Gisbert Haefs wurde 1950 in Wachtendonk am Niederrhein geboren. Als er knapp vier Jahre alt war, zog seine Familie nach Bad Godesberg, wo er auch das Abitur machte. Zum Studieren wäre Haefs zwar lieber hinaus in die Welt gezogen, aber die Verhältnisse ließen es nicht zu. "Ich wurde zu Hause gebraucht", erzählt Haefs. "Und dann war das Studieren ja auch eine Frage des Geldes."

Er blieb also in Bonn und hatte eine ganze Reihe von Studentenbuden - in Beuel, in der Südstadt und in der Nordstadt. "Das waren alles möblierte Zimmer. Das letzte hatte ein Hochbett, das weiß ich noch, und einen Kühlschrank. Das war der Hit." Sein Studium finanzierte er selbst. "Mein Geld habe ich zum Teil mit Musik und zum Teil mit Übersetzungen verdient. Ich habe für die pakistanische und die indische Botschaft die Berichterstattung aus den deutschen Zeitungen übersetzt." Haefs komponierte und interpretierte makabre Chansons, betätigte sich als fahrender Sänger, spielte in einer Gruppe und war mit der Bonner Musikkneipen-Szene bestens vertraut.

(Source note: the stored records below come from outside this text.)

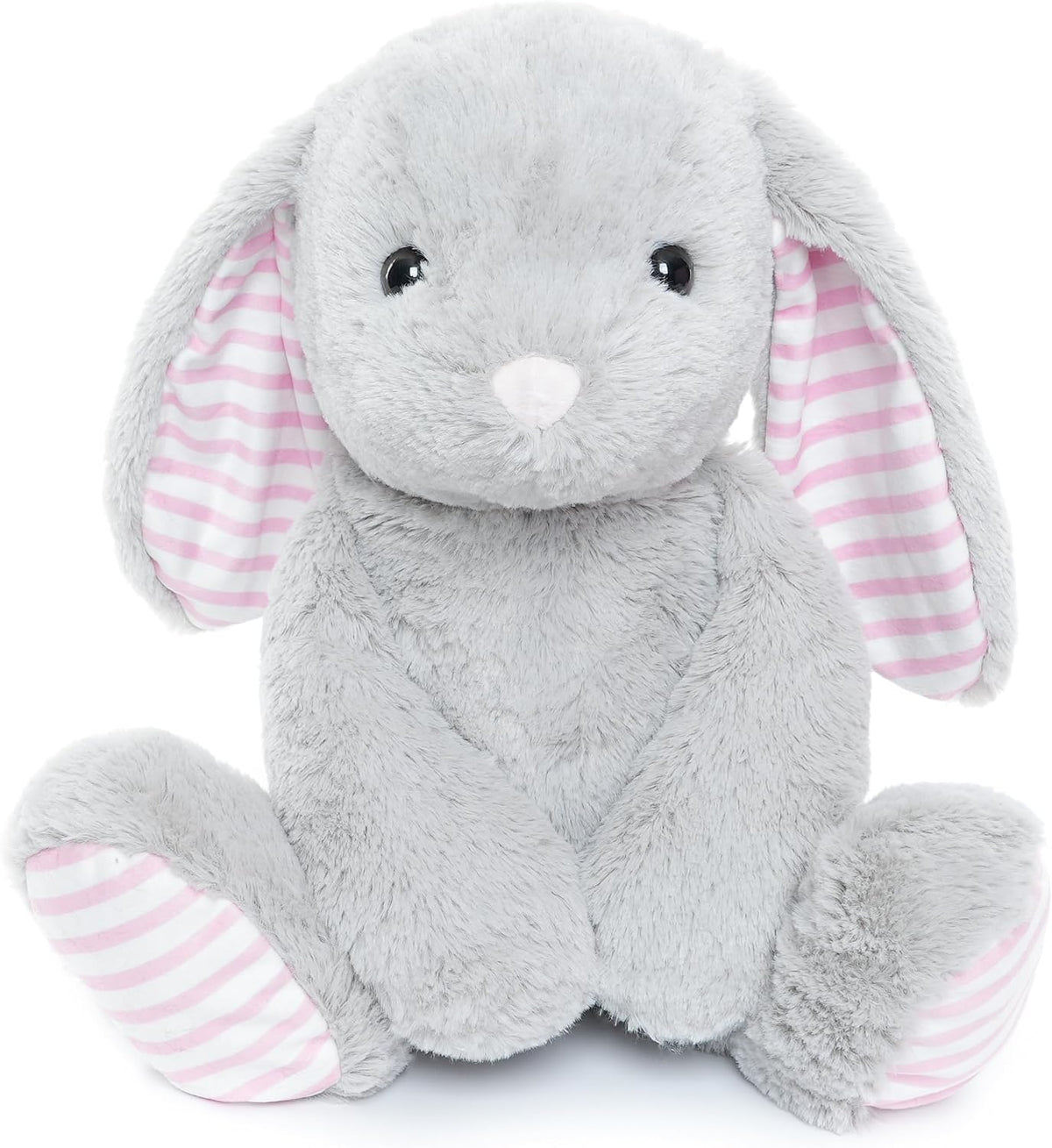 WEIGEDU Conejos grises de peluche para niños, niñas y niños, juguet...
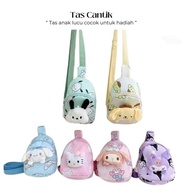 Sanrio sling bag, cute sling bag, children's sling bag, Kuromi/ sling bag, children's sling bag, San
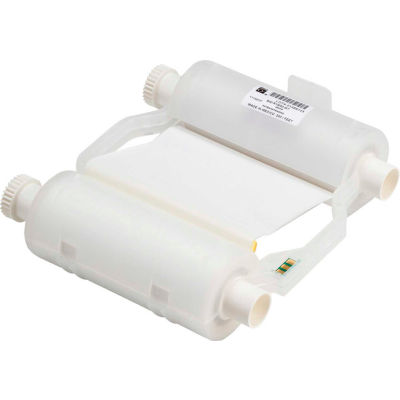 Brady® B30 Series Printer Ribbon, 4-21/64"W X 200'L, White, B30-R10000-WT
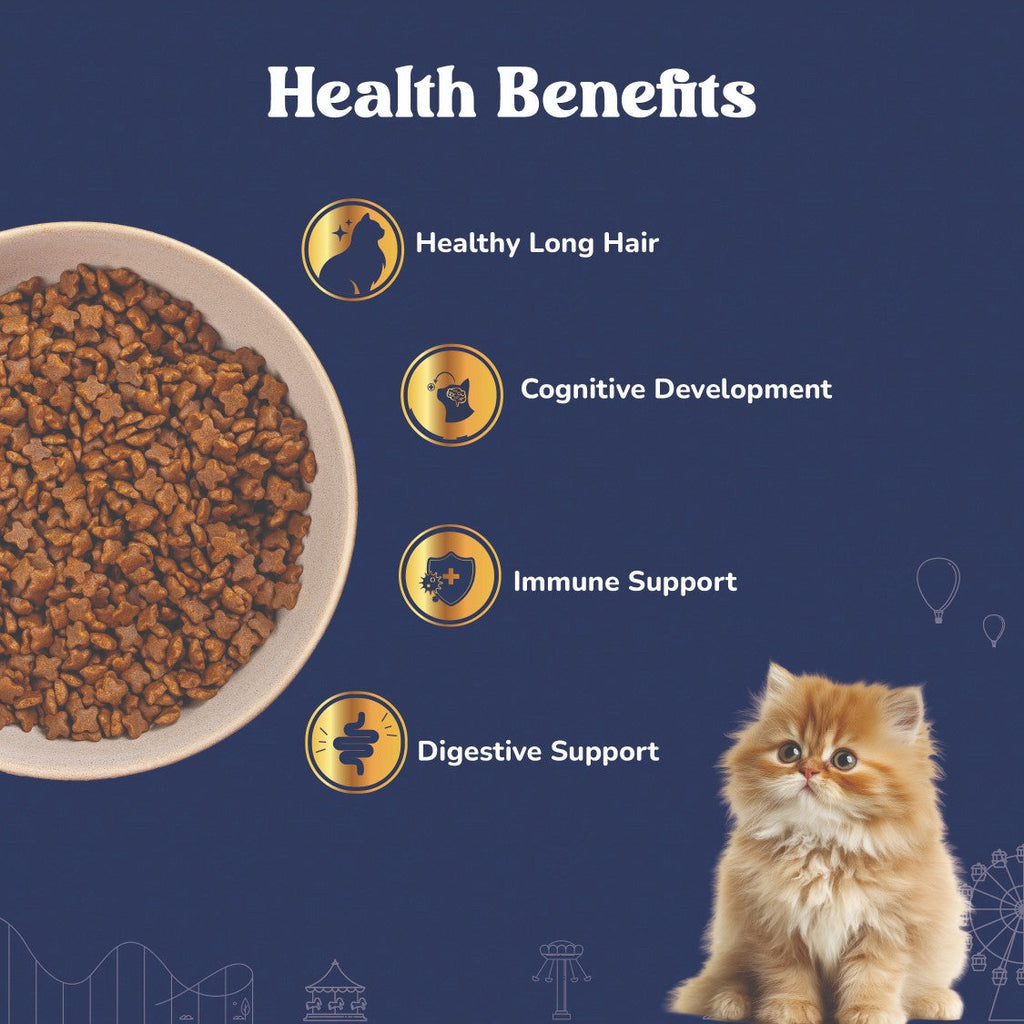 Carniwel Ocean Fish & Krill and Persian Kitten Food (Pack of 2)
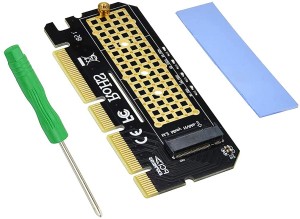 Verilux NVIDIA NVME Adapter PCIe x16 with Gel Pad, M.2 NVME or AHCI SSD to PCIE 3.0 Adapter Card for Key M 2230, 2242, 2260, 2280 Size M.2 SSD, Support PCIe x4 x8 x16 Slot 256 MB GDDR5 Graphics Card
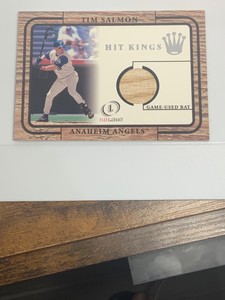 2001 Fleer Legacy Hit Kings Game-Used Bats Tim Salmon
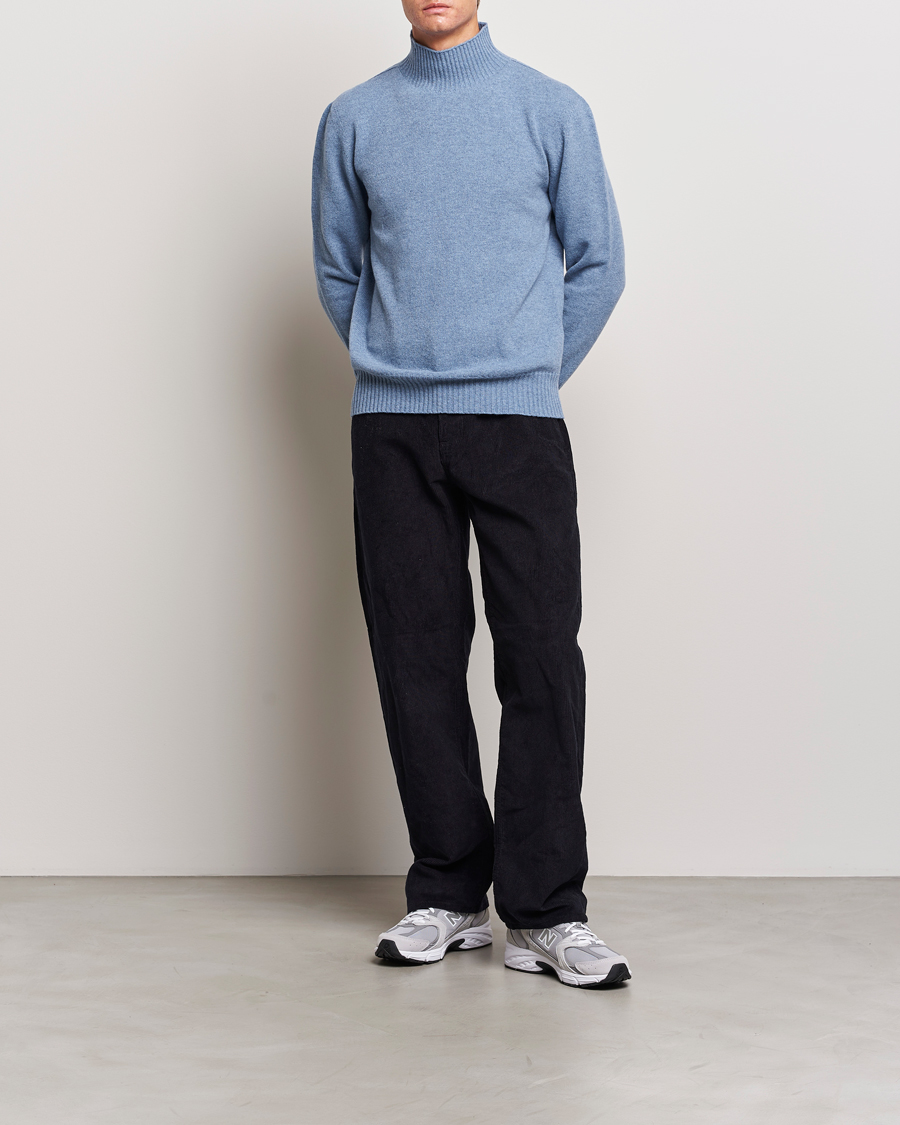 Herre | Trøjer | NN07 | Clark Brushed Polo Dust Blue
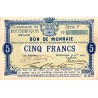 COUNTY 59 - BOUSBECQUE - COIN BONDS - 5 FRANCS - 10/09/1914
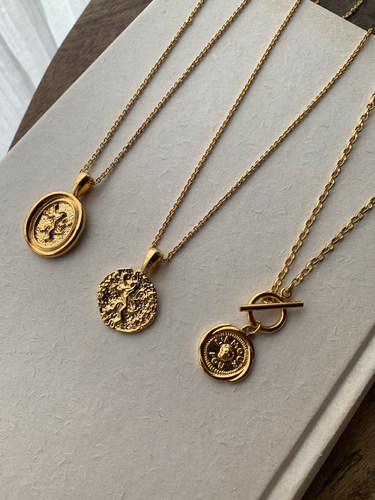 Berber希腊金币复古小众设计项链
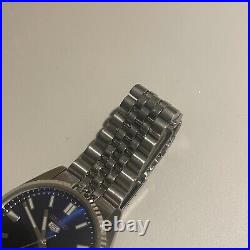 Vintage Seiko 5 Automatic Men's Blue Watch Datejust style 7s26-3110 SNXJ89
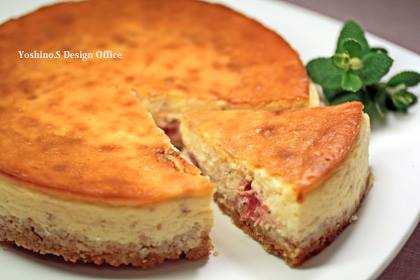 いちごのチーズケーキ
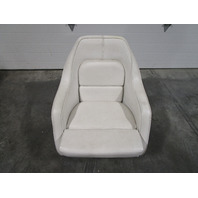 Captains Chair Pedestal Seat Marine Boat Off White 30.5" x 24 1/4"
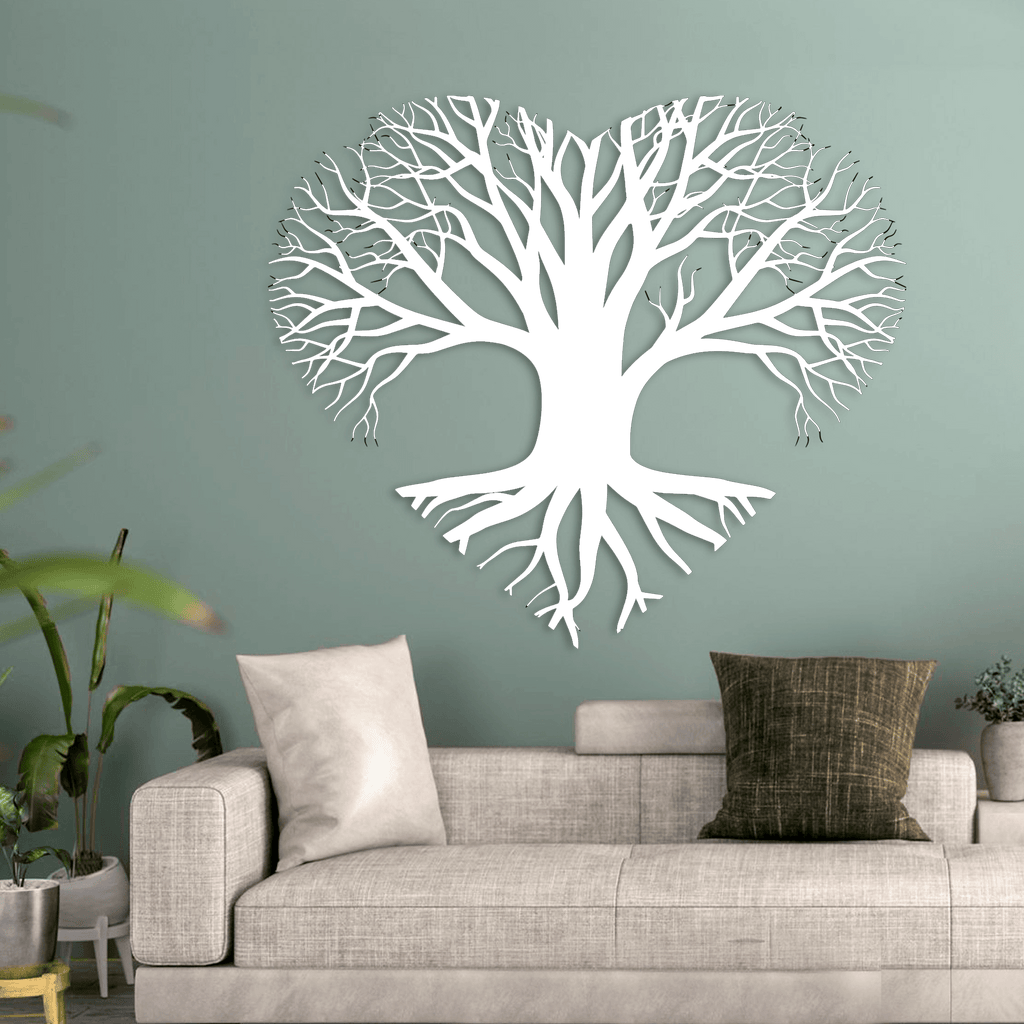 Tree Of Life Heart Metal Wall Art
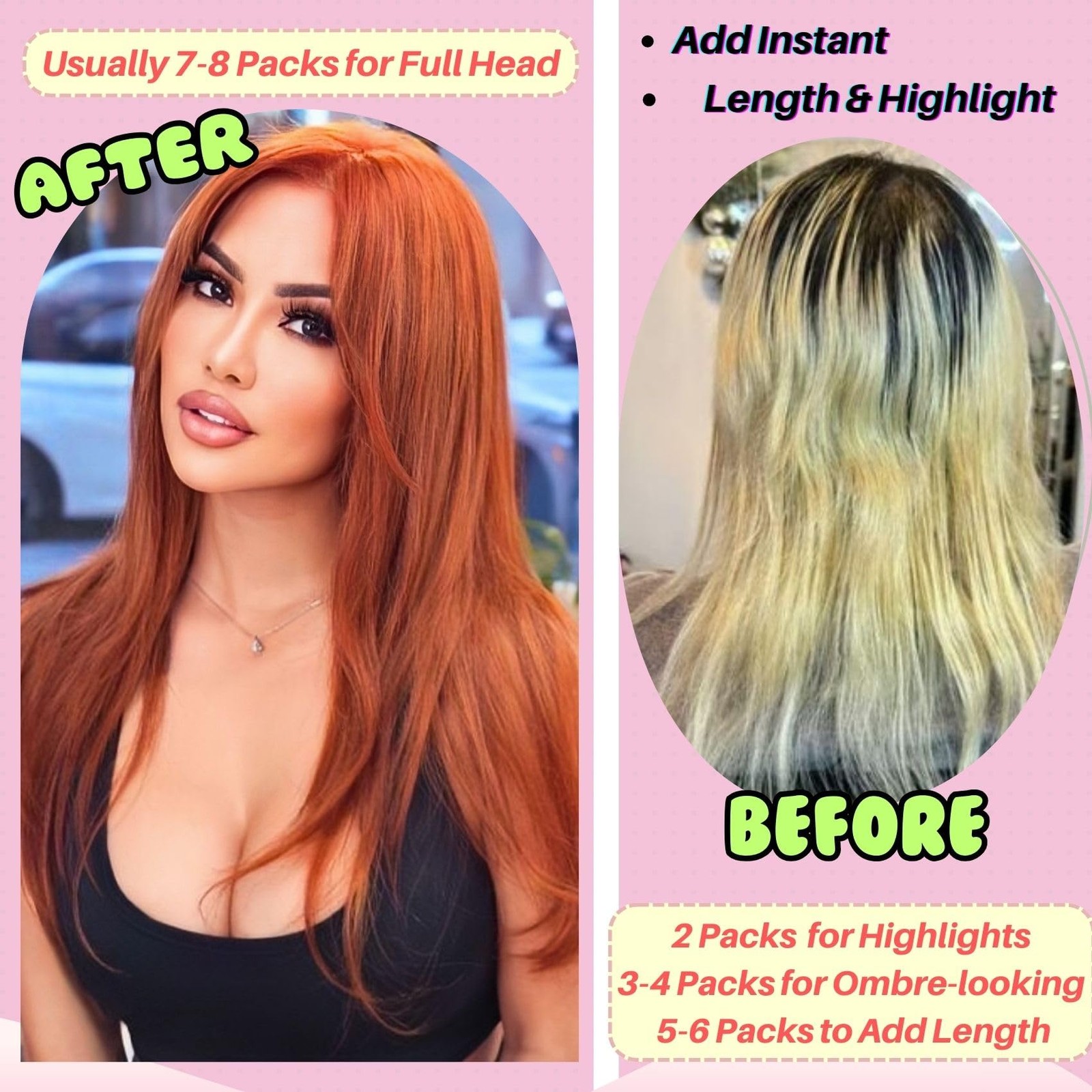 Copper Red Tape in Hair Extensions Human Hair Invisible Mini 18 Inch Hair Extens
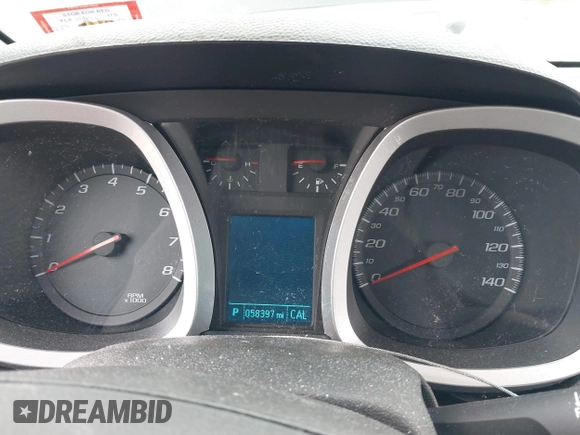 2017 Chevrolet Equinox LS with VIN 2GNALBEK6H1587846, listed as a IAAI auction lot 41612435 with 58,397 mi miles. Bid and sale history available at carsss.com. Image 7.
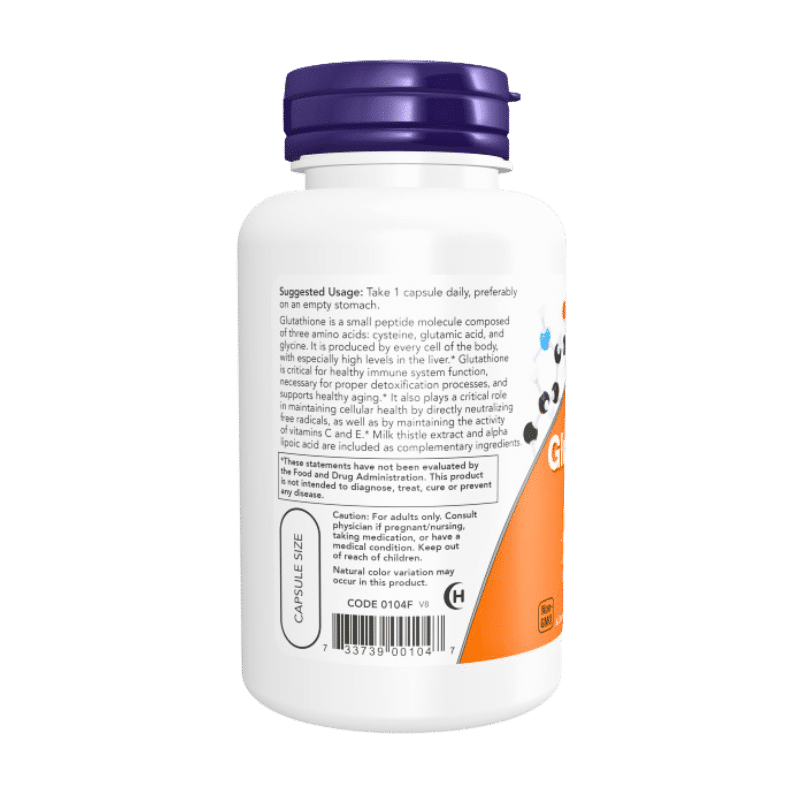 Now Foods Glutathione 500mg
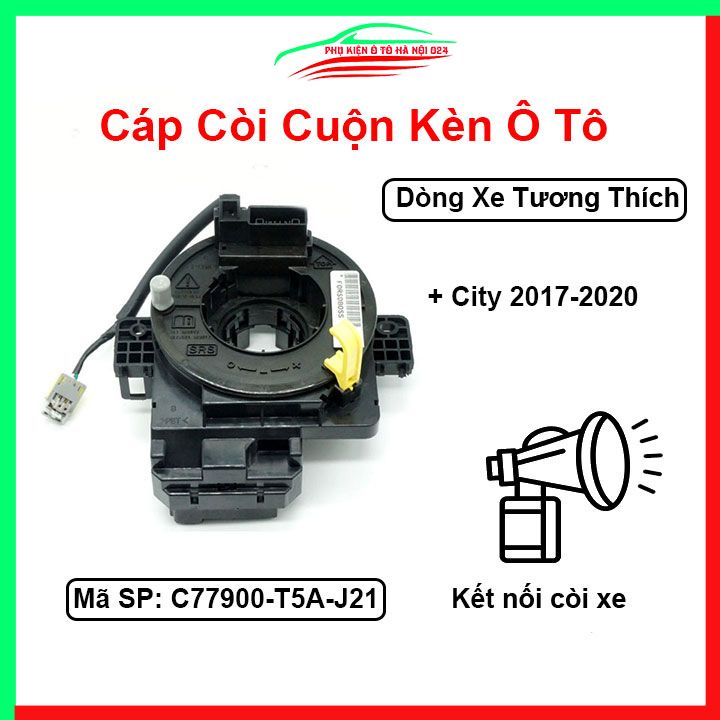 Cáp còi cho xe City 2017-2020 Mã 77900-T5A-J21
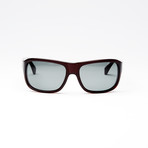 Unisex Hex Polarized Sunglasses // Brown Rust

Seine Zeit an der Alma Mater ist ihm noch sehr gegenwärtig. "Es war das übliche wilde Studentenleben - mit langen Nächten in Musikkneipen. Heute ist das alles viel verschulter und braver", resümiert Haefs. 1976 schloss er sein Studium mit dem Staatsexamen ab. "Ich hatte meinen Eltern versprochen, etwas zu Ende zu machen." Nach dem Examen versuchte er sich noch einige Zeit als Musiker: "Ich bin getingelt und habe sogar mal eine Platte aufgenommen. Aber die lief so schlecht, dass ich das wieder gelassen habe."

Außerdem kellnerte er bei Friedel Drautzburg in den "Elsässer Weinstuben". 1981 etablierte sich Haefs als freier Schriftsteller und Übersetzer. In diesem Jahr erhielt er für seinen Krimi-Erstling "Mord am Millionenhügel" den Edgar Wallace-Preis. Mit dem Buch betrat ein neuer (Anti-)Held die Krimi-Szene. Haefs' Schöpfung Balthasar Matzbach, Universaldilettant und barocker Genussmensch ohne Manieren, der seine Nase erfolgreich in die Angelegenheiten der Bonner Kriminalpolizei steckt, ist mittlerweile Kult.

In den letzten Jahren hat Haefs vor allem mit historischen Romanen auf sich aufmerksam gemacht, 2007 mit "Caesar". Seine Existenz als freischaffender Künstler hat er nie bereut: "Ich arbeite lieber 16 Stunden am Tag für mich als acht Stunden für andere." Welche Erfahrungen haben bekannte Persönlichkeiten aus dem öffentlichen Leben an der Bonner Universität gemacht? Wie hat sich das Studium im Lauf der Zeit verändert? Der General-Anzeiger veröffentlicht auf dieser Seite in loser Folge die Serie "Alumni der Universität Bonn".